### Dataset extract ###

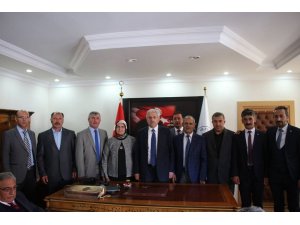 Taşçı makamına oturdu
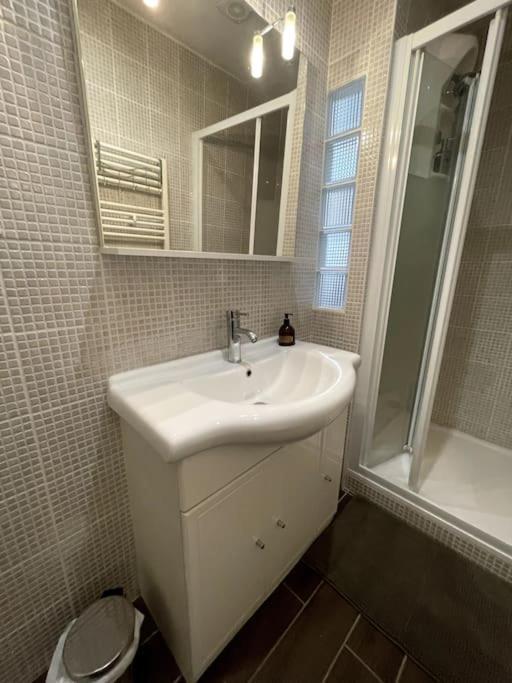 Agreable Maison De Ville Dans La Plus Belle Avenue Orleans Ngoại thất bức ảnh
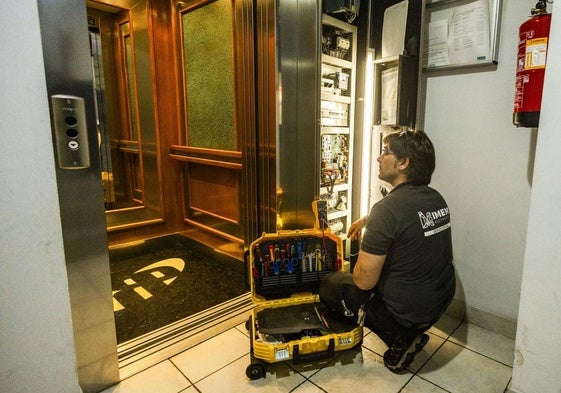 Un técnico de IMEM ascensores, ayer, durante un trabajo de reparación en Santander.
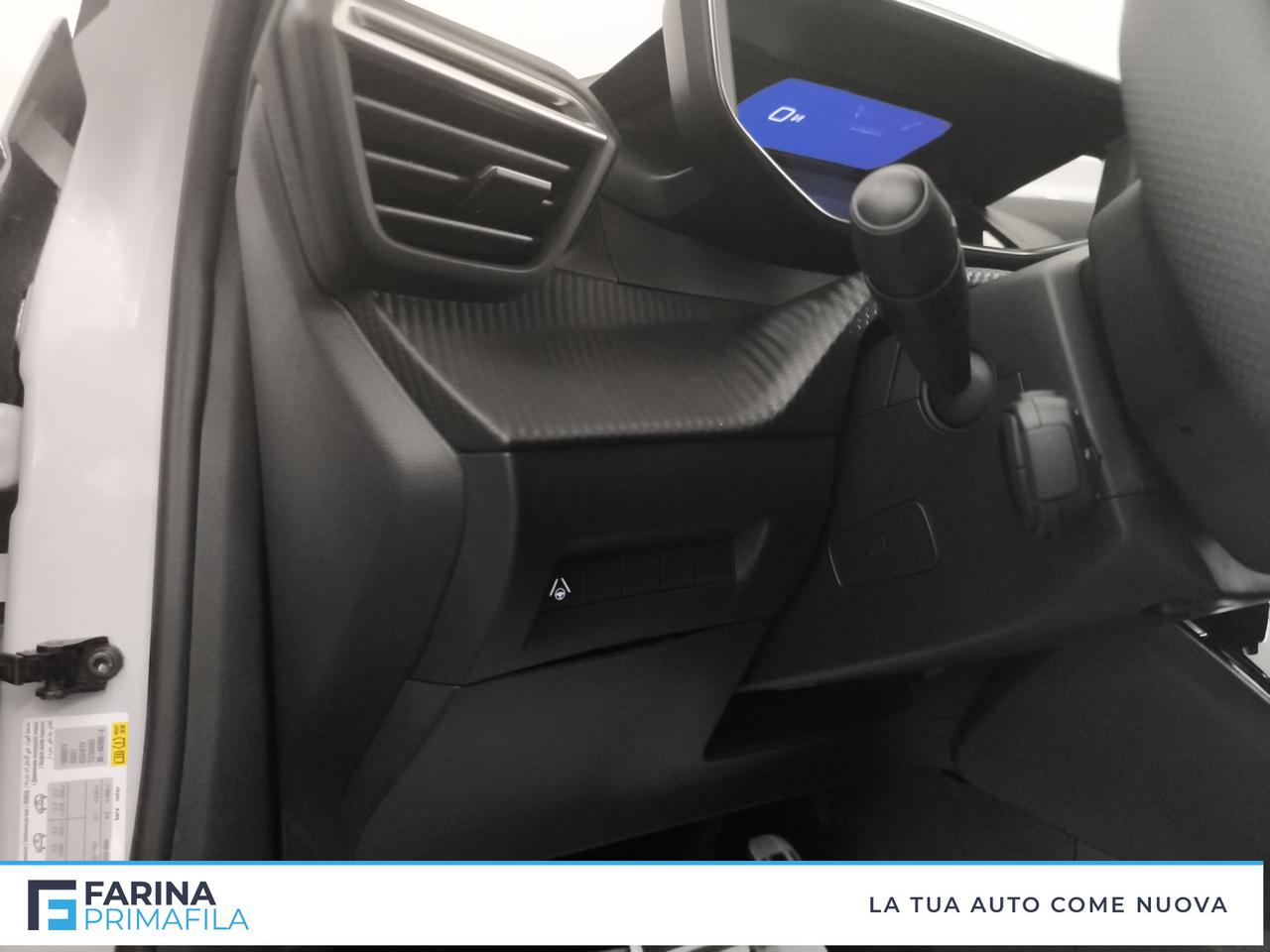 PEUGEOT 2008 1.2 hybrid GT 136cv e-dcs6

###

Write out the data word for word, with every picture dropped.

 Taşçı makamına oturdu
 Agreable Maison De Ville Dans La Plus Belle Avenue Orleans Ngoại thất bức ảnh
 Un técnico de IMEM ascensores, ayer, durante un trabajo de reparación en Santander.
 PEUGEOT 2008 1.2 hybrid GT 136cv e-dcs6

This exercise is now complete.